Mrs. Pittsley also shared that the staff at the Dump has been clearing those big boxy bins, bundling the contents, and storing them for the past eight years. Eventually, some company will put in a bid for them, and if it’s accepted, they’ll cart them away and melt them down into pellets. Then that material will be made into new plastic shopping bags, turned into plastic lumber by companies like Trex that make decking, or used as part of medical or technological innovations. Using recycled material instead of virgin material to make these things uses a lot less oil and is better for the environment. But unfortunately, less than 1% of single-use bags are actually turned in for recycling each year. Maybe that’s because THE SECRET hadn’t yet gotten out.
Enter: That Clueless Girl.
In NY State, since 2015 stores, like Price Chopper, have been responsible for arranging for plastic film and shopping bags to be collected, stored, and recycled. In fact, any store that provide customers with free bags is required to have some kind of container in a visible area where people can return them and other plastic film for recycling. They’re even required to label their own bags so that customers know they’re recyclable. The bags and such should be cleaned out of things like receipts or food particles, before being put into the bins. (For more information about what types of plastic film can be recycled and to find a drop off location near you, please got to: http://www.plasticfilmrecycling.org/s00/index.html )

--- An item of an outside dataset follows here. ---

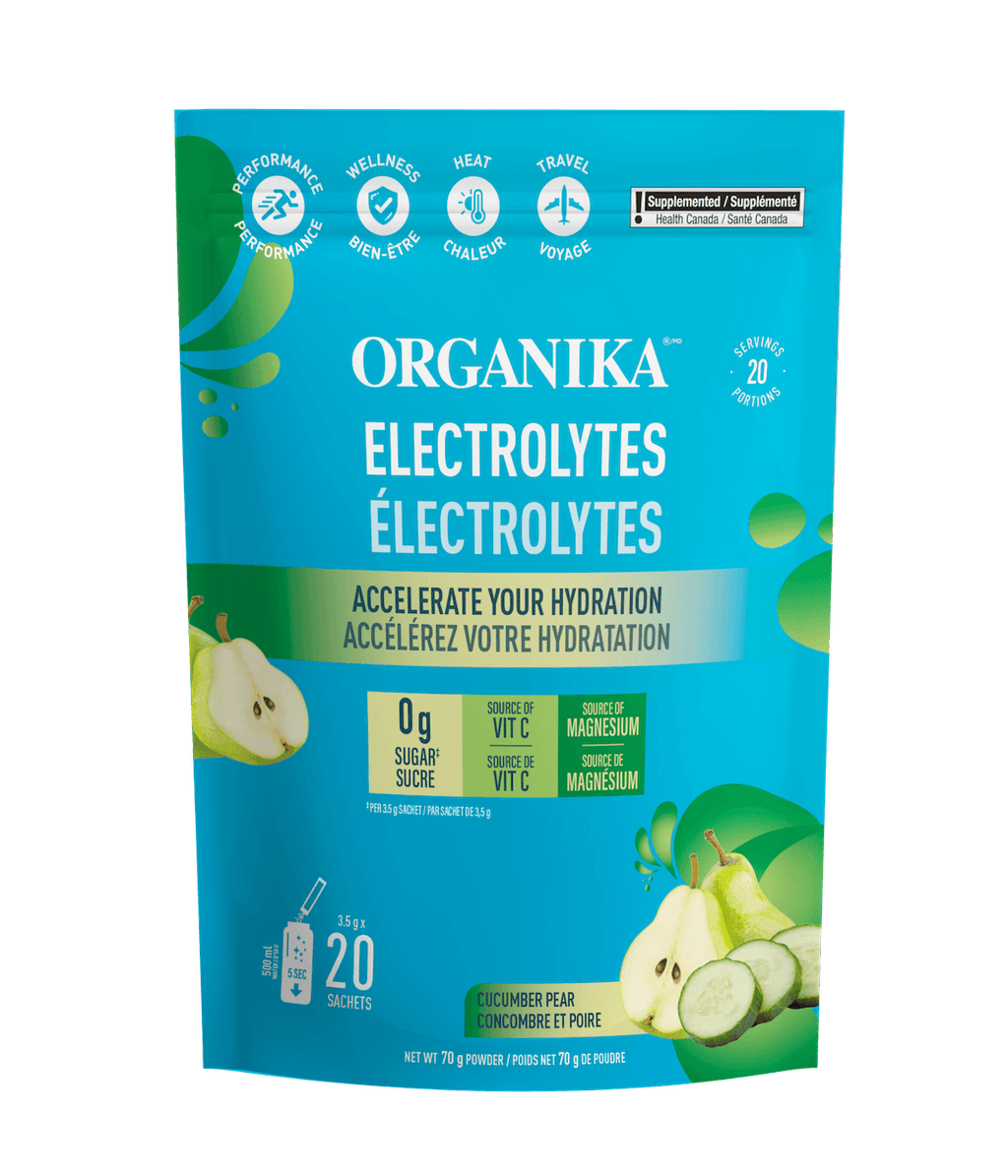Electrolytes Sachets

For me, my preference is to say ‘no,’ to the single-use bags entirely and continue to bring my own. While recycling the bags reduces the amount of trash in landfills and is easier on the environment than making them from scratch, the recycling process and transporting the materials still produces carbon emissions that the planet could do without. But what I now know about all the different types of packaging that can be recycled has taken a load off my mind, as well as from the inside of my trash can.